A Promised land: Obama’s new memoir is thoughtful and relatable like the man himself
The 44th American President’s latest memoir A promised Land, just hit the stands and has sold more than 1.7 million copies within its first week, smashing all kinds of records left, right and centre much like its author, but what is the book about? apart from things we already know about the president? And more importantly, why should you read it?
Written as the first in a two-volume memoir, A Promised Land is a recapitulation of Obama’s first term in office as president, ending with the killing of Osama Bin Laden and the executive order that led to it.

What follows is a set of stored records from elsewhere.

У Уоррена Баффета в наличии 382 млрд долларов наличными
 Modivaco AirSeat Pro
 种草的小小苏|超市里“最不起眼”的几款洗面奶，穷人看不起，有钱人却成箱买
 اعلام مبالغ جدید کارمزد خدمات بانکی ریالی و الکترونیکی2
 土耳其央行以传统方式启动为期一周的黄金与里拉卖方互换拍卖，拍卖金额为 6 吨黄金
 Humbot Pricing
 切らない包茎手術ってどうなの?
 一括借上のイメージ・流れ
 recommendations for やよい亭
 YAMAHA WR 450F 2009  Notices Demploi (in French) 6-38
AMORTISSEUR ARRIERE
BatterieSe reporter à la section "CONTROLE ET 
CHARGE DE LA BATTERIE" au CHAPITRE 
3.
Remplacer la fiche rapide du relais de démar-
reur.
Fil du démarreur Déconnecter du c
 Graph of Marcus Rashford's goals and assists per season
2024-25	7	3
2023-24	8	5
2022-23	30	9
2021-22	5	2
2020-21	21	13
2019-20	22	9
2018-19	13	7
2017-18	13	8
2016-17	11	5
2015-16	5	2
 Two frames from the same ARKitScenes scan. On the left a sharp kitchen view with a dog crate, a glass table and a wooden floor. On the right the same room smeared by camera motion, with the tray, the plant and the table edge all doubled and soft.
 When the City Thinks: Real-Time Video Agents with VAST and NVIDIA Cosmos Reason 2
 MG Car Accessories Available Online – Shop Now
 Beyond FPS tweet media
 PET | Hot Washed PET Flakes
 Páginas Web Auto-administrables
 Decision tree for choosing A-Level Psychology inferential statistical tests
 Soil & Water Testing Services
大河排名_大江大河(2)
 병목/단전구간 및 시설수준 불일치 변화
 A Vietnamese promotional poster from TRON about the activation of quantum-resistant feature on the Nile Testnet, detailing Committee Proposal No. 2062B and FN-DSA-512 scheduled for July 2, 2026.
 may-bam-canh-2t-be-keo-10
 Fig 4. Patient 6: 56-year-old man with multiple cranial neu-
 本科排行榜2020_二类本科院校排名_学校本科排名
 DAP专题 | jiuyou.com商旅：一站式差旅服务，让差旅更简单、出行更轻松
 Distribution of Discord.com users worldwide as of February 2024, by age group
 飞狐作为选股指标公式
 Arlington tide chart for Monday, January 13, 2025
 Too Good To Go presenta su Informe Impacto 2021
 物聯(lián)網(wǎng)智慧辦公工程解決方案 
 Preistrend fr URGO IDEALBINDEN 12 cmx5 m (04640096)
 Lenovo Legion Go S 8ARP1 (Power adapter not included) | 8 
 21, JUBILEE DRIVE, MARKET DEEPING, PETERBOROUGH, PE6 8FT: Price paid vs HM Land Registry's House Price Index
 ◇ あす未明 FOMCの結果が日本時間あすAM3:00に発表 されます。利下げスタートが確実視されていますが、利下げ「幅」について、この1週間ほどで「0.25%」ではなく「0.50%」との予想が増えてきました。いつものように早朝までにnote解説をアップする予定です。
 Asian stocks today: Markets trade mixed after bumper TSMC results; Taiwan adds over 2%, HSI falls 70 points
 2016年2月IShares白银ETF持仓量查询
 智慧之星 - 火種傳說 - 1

A promised land is “the story of his improbable odyssey from a young man searching for his identity as the leader of the free world, describing in strikingly personal detail both his political education and the landmark moments of the first term of his historic presidency—a time of dramatic transformation and turmoil,” stated Penguin Random House.
Born to parents who were from Kansas and Kenya, Barack Hussein Obama was born and brought up in Hawaii and later enrolled at the Occidental College in LA for his formative years, he then went on to Columbia University and then lastly Harvard Law School. Obama went on to work for varied Civil Rights Firms before accepting a position as a lecturer at Chicago Law School.
In 1996 he launched his first political campaign for the political office in Illinois, announcing his candidacy to replace Alice Palmer in the Illinois legislature and the rest, as they say, is history.
An already established writer, Obama’s previous autobiography, Dreams From My Father had proven his ability to write gripping and absorbing prose, and A Promised Land is just another testament to his ability as a writer. The book offers a personal insight to the events that took place during the years Obama was in office and the issues that he faced during his first term, including the war in Afghanistan, healthcare, political, socio-economic and environmental. His meeting with the Russian leader, the entire plot of Osama Bin Laden’s killing in Pakistan and the dreaded White House Correspondents’ dinner where he infamously roasted Donal Trump.
Obama’s memoir discloses his psyche and outlook on the massive events and individuals that surrounded him throughout his presidency, The narration flows seamlessly between a political and a more personal recitation, while Obama discusses his views on important political personalities like Donald Trump, Joe Biden and Sarah Palin, Obama puts forth his professional opinion of his opponents, taking digs with the utmost elegance, he also talks of his personal life and the ups and downs he faced, while he was a father not only to his two little girls but also a nation, personal stories that describe how politics impacted his family, from marital strain to the “great shame” he felt after his mother’s death as he felt he had put ambition before duty and commitment.
A promised Land: is it worth the read?
While the book makes for an engrossing read, it goes beyond than being just that, Barack Obama’s memoir coming out at the end of Trump’s bitter reign is an insight into the antithetical facets of humanity and makes you ponder on how the same people came to equally enthusiastically support and elect two men so disparate.
The book further delivers on the autobiographical theme, offering readers a first-hand narrative of what it feels like to be the most powerful person in the world. Furthermore A Promised Land aims “to tell a more personal story that might inspire young people considering a life of public service, how my career in politics started with a search for a place to fit in, a way to explain the different strands of my mixed-up heritage, and how it was only by hitching my wagon to something larger than myself that I was ultimately able to locate a community and purpose for my life.” as Obama himself put it.
Donald Trump’s election brings to the forefront a darker underlying unsavoury yet truthful reality about the present-day race relations in the country and this system is further pondered upon by Obama as he writes about his presidency.
As Obama wrote in an excerpt “For millions of Americans spooked by a Black man in the White House, he promised an elixir for their racial anxiety … I knew that the passions he was tapping, the dark alternative vision he was promoting and legitimising, were something I’d likely be contending with for the remainder of my presidency.”
Ultimately, the book is a reminder that while holding the office might seem like something of a dream job, it is not just that, Obama reminds us of the almost unbearable pressure that he faced, with the possibility of risking catastrophic consequences from making one wrong decision.
The book has a moral for everyone who chooses to read it depending upon their perspective and perception, the memoir is elegant, thoughtful and uniquely relatable like the man himself.